__Assignment__:
Find the line that holds "My Chihuahua got" in the material below. Output that line and each one after it exactly, but not the pictures.

__Material provided__:
※

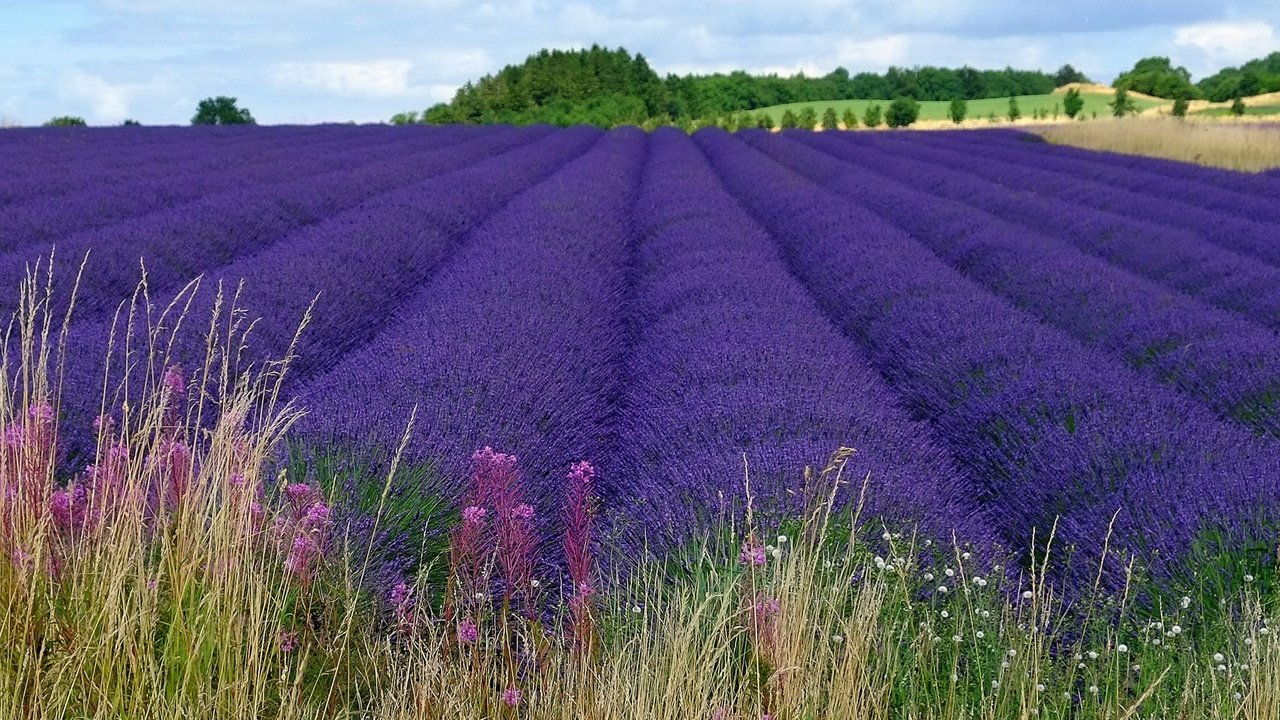 Обои цветы, пейзаж, поле, лаванда, фиолетовые, flowers, landscape, field, lavender, purple разрешение 2560x1600 Загрузить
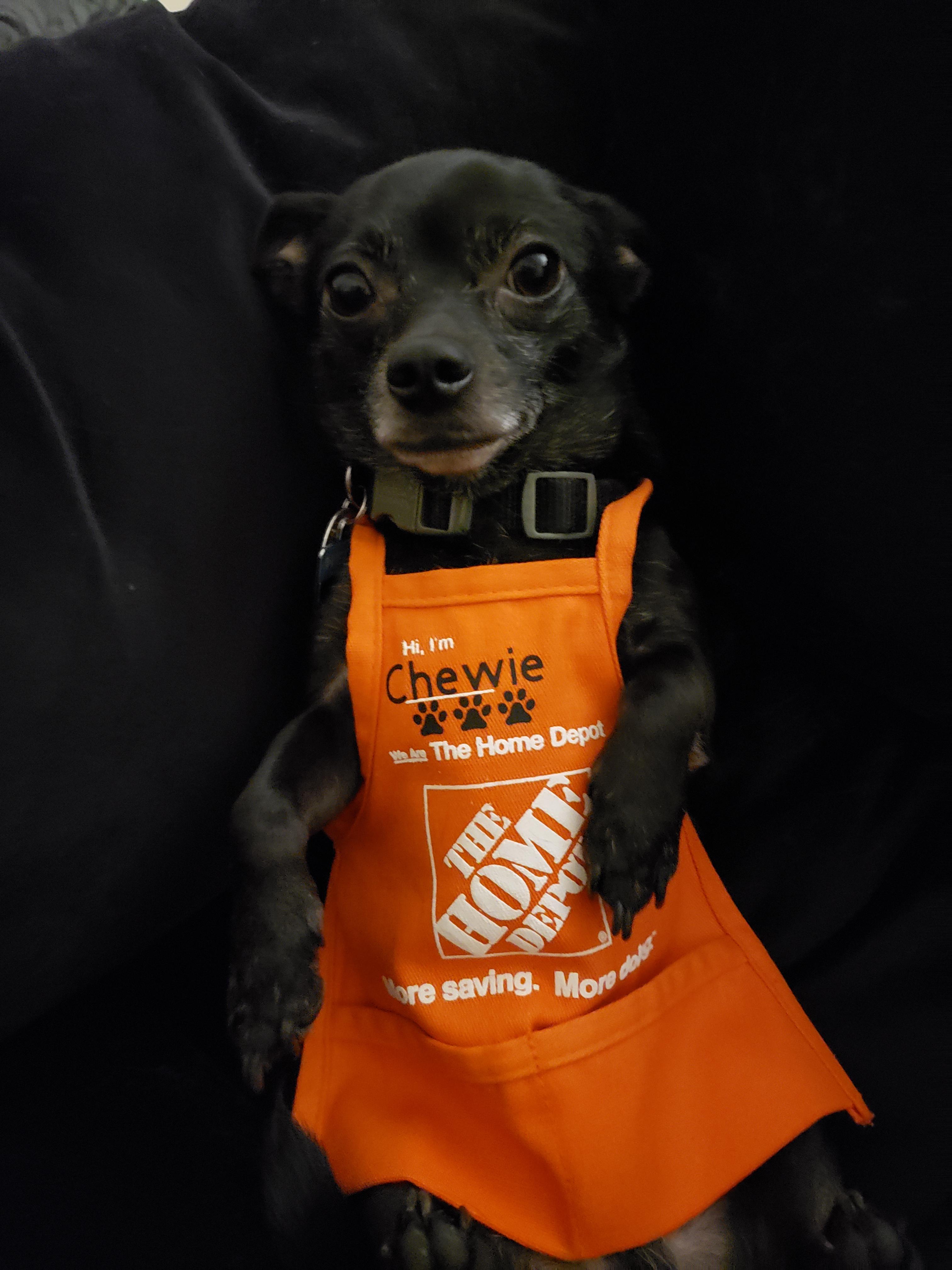 My Chihuahua got an apron just like his dad store 1521 r/HomeDepot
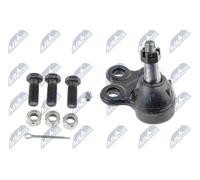 NTY Giunto di supporto / guida compatibile con GENERAL MOTORS ZSD-CH-031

※

__Exercise answer__:
 My Chihuahua got an apron just like his dad store 1521 r/HomeDepot
 NTY Giunto di supporto / guida compatibile con GENERAL MOTORS ZSD-CH-031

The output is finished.